Core Concepts
Advancements in AI models like RO-LMM enhance clinical workflows in radiation oncology by providing comprehensive multimodal solutions.
Abstract
Authors: Kwanyoung Kim, Yujin Oh, Sangjoon Park, Hwa Kyung Byun, Jin Sung Kim, Yong Bae Kim, Jong Chul Ye
Affiliations: KAIST, Massachusetts General Hospital, Yonsei University College of Medicine, Institute for Innovation in Digital Healthcare, Yongin Severance Hospital, Oncosoft Inc.
Abstract: RO-LMM is a large multimodal model aiding in clinical report summarization and treatment plan suggestion for breast cancer patients.
Introduction: Foundation models like RO-LMM revolutionize medical AI by integrating multimodal information for comprehensive decision-making.
Methods: CEFTune and NESEG techniques improve model robustness and generalization capabilities for target volume segmentation.
Experiments: Internal and external datasets demonstrate the superior performance of RO-LMM across various clinical tasks.
Results: RO-LMM outperforms baseline models in clinical note summarization and treatment plan suggestion tasks.
Discussion: Separate training strategies for each task and consistency regularization significantly enhance model performance.

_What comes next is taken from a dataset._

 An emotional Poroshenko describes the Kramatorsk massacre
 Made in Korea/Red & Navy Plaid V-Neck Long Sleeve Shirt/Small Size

Conclusion: RO-LMM presents a promising solution for enhancing radiation oncology workflows with advanced AI capabilities.
Stats
Fig. 1: RO-LMM as an assistant large multimodal model (LMM) in radiation oncology.
arXiv:2311.15876v2 [cs.CV] 21 Mar 2024
Quotes
"We propose a comprehensive framework wherein LMM assists the entire workflow of radiation oncology."
"Our contributions demonstrate marked improvement in the model's generalization capabilities."